Software process assessments and software capability evaluations differ in motivation, objective, outcome, and ownership of the results. These factors lead to substantive differences in the dynamics of interviews, the scope of inquiry, the information gathered, and the formulation of the outcome. The assessment and evaluation methods are quite different when the detailed procedures employed are examined. Assessment training does not prepare a team to perform evaluations, or vice versa.
Software process assessments are performed in an open, collaborative environment. Their success depends on a commitment from both management and the professional staff to improve the organization. The objective is to surface problems and help managers and engineers improve their organization. While the questionnaire is valuable in focusing the assessment team on maturity level issues, the emphasis is on structured and unstructured interviews as tools for understanding the organization's software process. Aside from identifying the software process issues facing the organization, the buy-in to improvement, the organization-wide focus on process, and the motivation and enthusiasm in executing an action plan are the most valuable outcomes of an assessment.
Software capability evaluations, on the other hand, are performed in a more audit-oriented environment. The objective is tied to monetary considerations, since the team's recommendations will help select contractors or set award fees. The emphasis is on a documented audit trail that reveals the software process actually implemented by the organization.
This does not mean, however, that the results of software process assessments and software capability evaluations should not be comparable. Since both methods are CMM-based, the points of comparison and difference should be evident and explainable.
4.3 Other Uses of the CMM in Process Improvement
For software engineering process groups or others trying to improve their software process, the CMM has specific value in the areas of action planning, implementing action plans, and defining processes.
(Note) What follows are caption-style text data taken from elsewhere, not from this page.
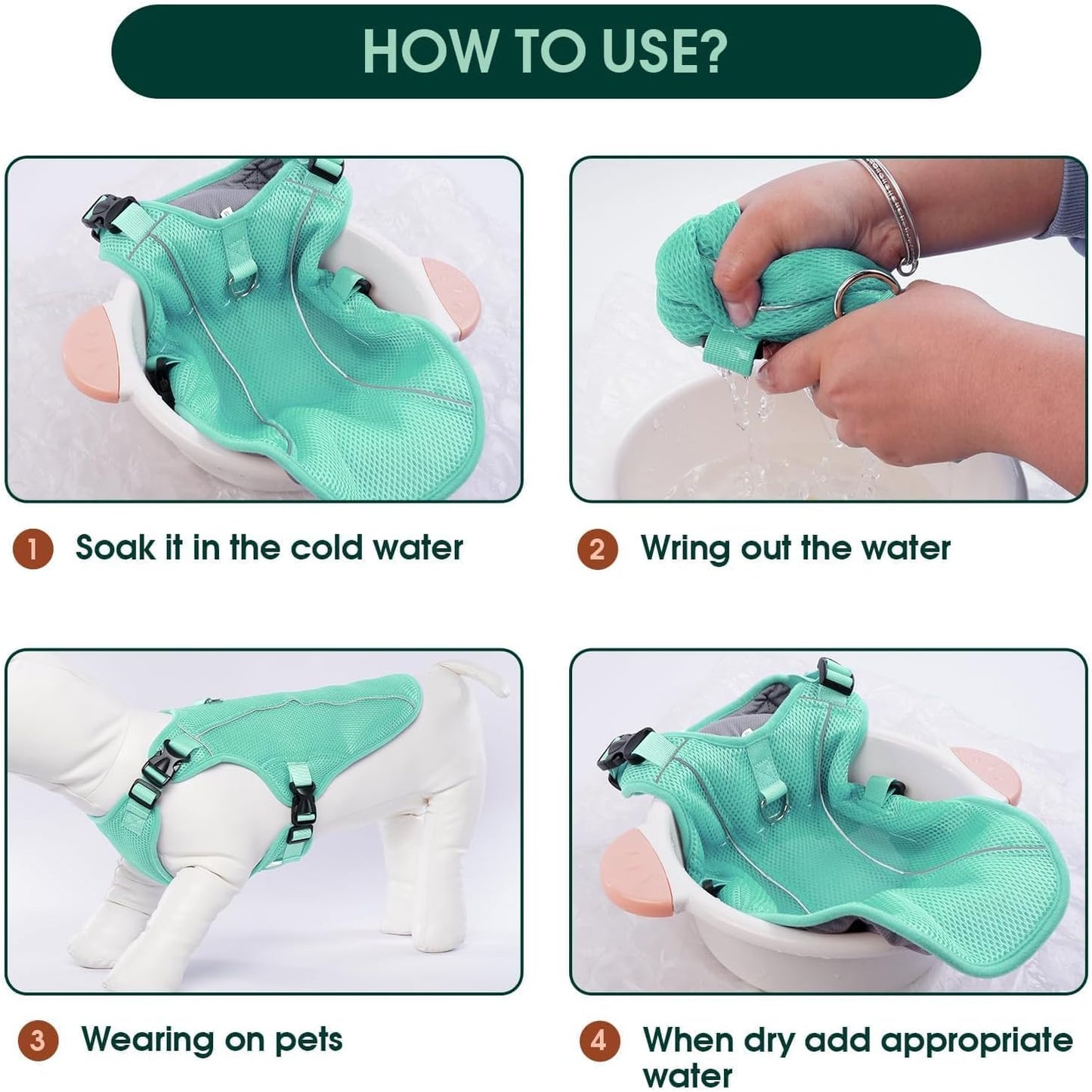 Kuoser Dog Cooling Vest for Large Dogs, Lightweight Doggie Cooler Jacket Breathable Mesh Pet Cooling Shirts Reflective Puppy Cool Harness for Beach, Hiking, Walking Green XL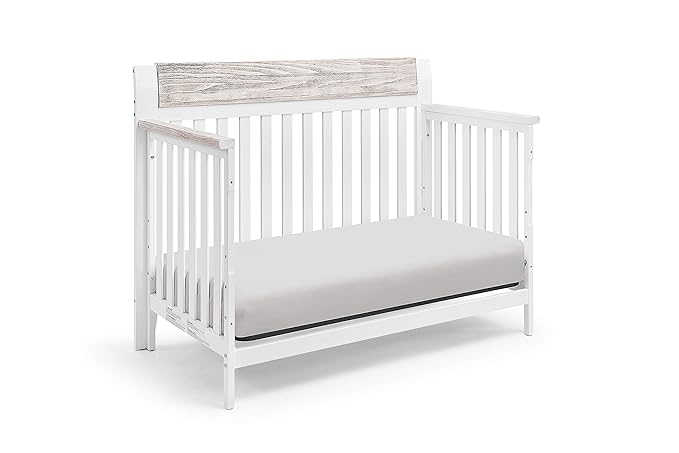 Suite Bebe Hayes 4 in 1 Convertible Baby Crib, White and Wire Brushed Wood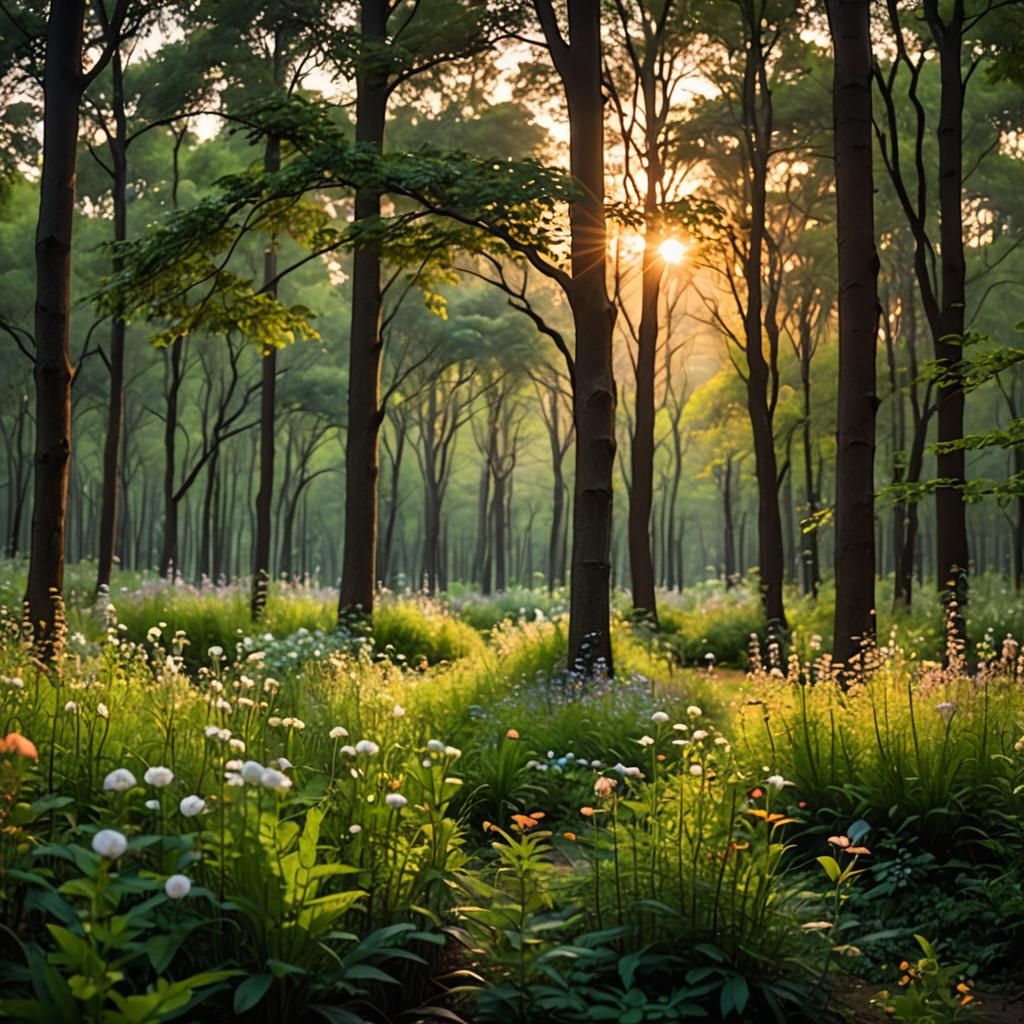 Forest Sunset: Professional Photography with Bokeh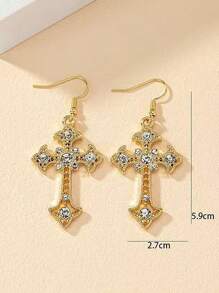 Modische, elegante vintage Strass-Kreuz-Hängeohrringe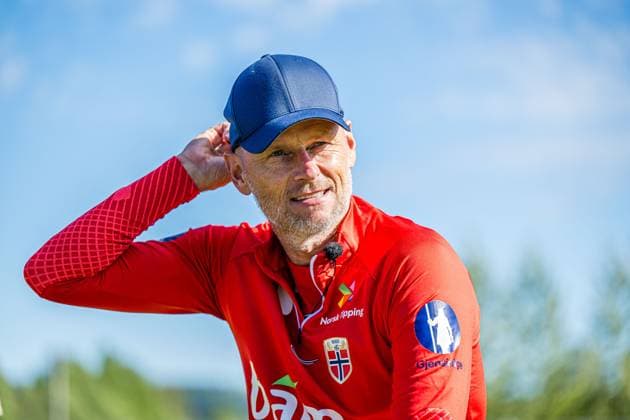 230904 Stale Solbakken, head coach of the Norwegian national football team during a press event on September 4, 2023 in Lillestrom. Photo: Marius Simensen BILDBYRAN COP 238 bbeng football fotball fotboll norge norway practice soccer training trening träning Copyright: MARIUSxSIMENSEN BB230904BB335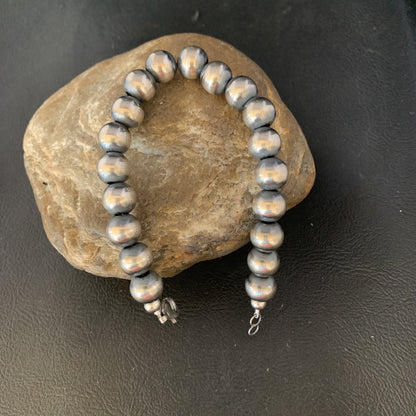 Native American Navajo 10mm Beads 7” Sterling Silver Bracelet 91007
During action planning, the members of the software engineering process group, equipped with knowledge of their software process issues and business environment, can compare their current practices against the goals of the key process areas in the CMM. The key practices should be examined in relation to corporate goals, management priorities, the level of performance of the practice, the value of implementing each practice to the organization, and the ability of the organization to implement a practice in light of its culture.
The software engineering process group must next determine which process improvements are needed, how to effect the change, and obtain the necessary buy-in. The CMM aids this activity by providing a starting point for discussion about process improvement and by helping to surface disparate assumptions about commonly accepted software engineering practices. In implementing the action plan, the CMM and the key practices can be used by the process groups to construct parts of the operational action plan and to define the software process.